L’avis de l’Inde a été partagé par l’Union internationale pour la conservation de la nature (IUCN). Il y aurait d’ailleurs plusieurs façons de présenter un tel texte, a concédé « High Seas Alliance », choisissant de faire confiance à la présidence et insistant pour que ledit texte soit distribué « bien avant » la prochaine session. Le Conseil international du droit de l’environnement (CIDE) a promis son expertise et l’Organisation des Nations Unies pour l’alimentation et l’agriculture (FAO), toutes les informations en sa possession.
La Présidente a en effet indiqué son intention de rédiger un document qui ne sera pas un texte « à prendre ou à laisser » mais qui proposera des « options ». Elle a dit réfléchir à la structure d’un document qu’elle veut « le plus équilibré possible », et s’il n’y a pas d’équilibre sur certains points, cela voudra tout simplement dire qu’il faut encore en discuter. Mon texte, a-t-elle ajouté, ne sera pas ni un « projet zéro » ni une « esquisse » mais plutôt un « non-document ». La Présidente a espéré pouvoir le soumettre avant le 25 février 2019. Quant au format de la deuxième session, elle a promis d’y réfléchir au sein du Bureau, pronostiquant déjà qu’il faudra réserver du temps pour les questions transversales qui n’ont pas été examinées au cours de cette session mais qu’il ne saurait être question de se livrer à un exercice de rédaction avec des débats sur l’emplacement des virgules ou la taille des paragraphes.
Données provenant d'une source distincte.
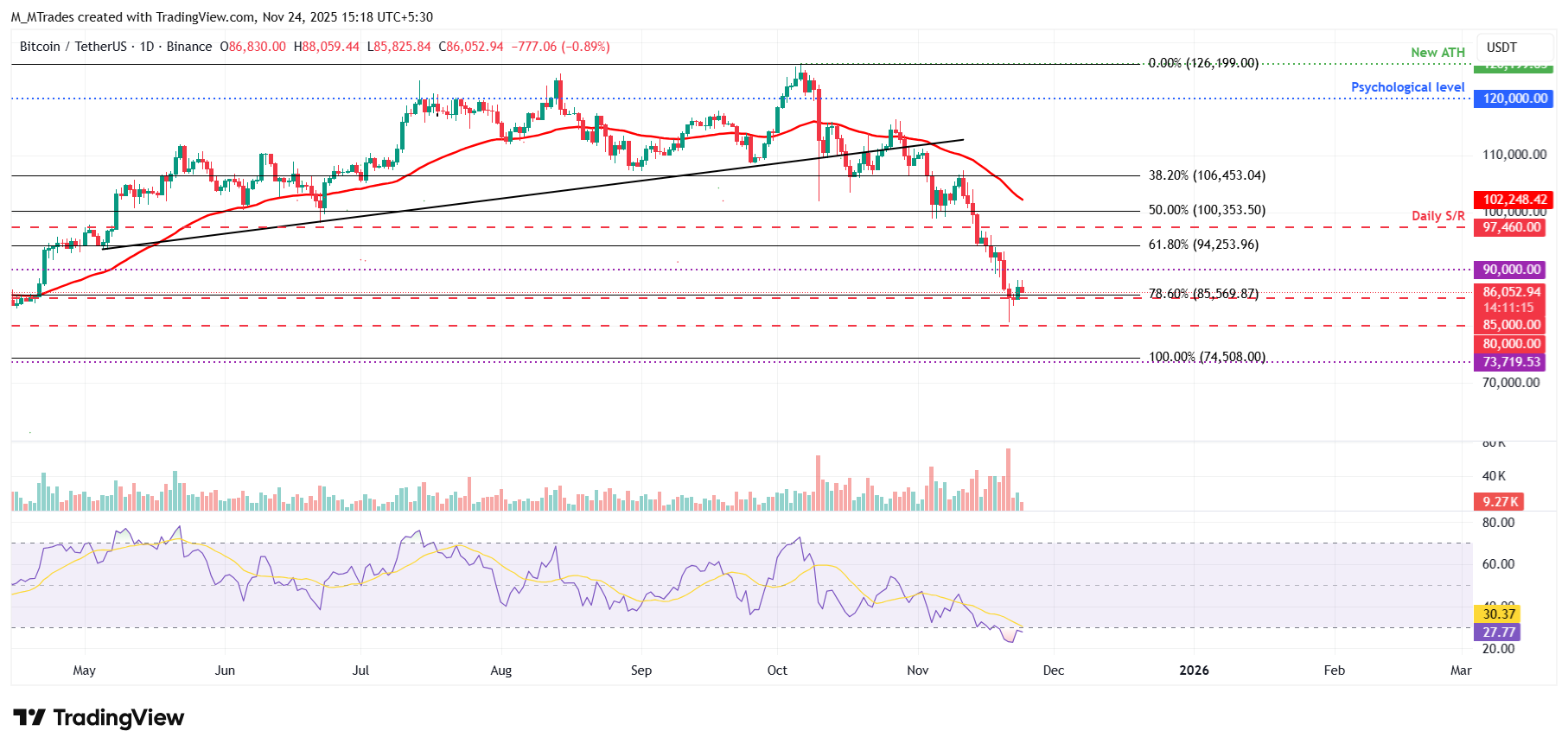Biểu đồ hàng ngày BTC/USDT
La séance s’est terminée par une intervention de la représentante du secrétariat qui a indiqué que le Fonds de contributions volontaires a permis la participation de 22 délégués des pays en développement. Pour en assurer le bon fonctionnement, il faut éviter d’annuler sa participation après l’achat du billet d’avion, a-t-elle dit. La participation la plus large possible est « essentielle » pour garantir le succès de la Conférence, a commenté la Présidente.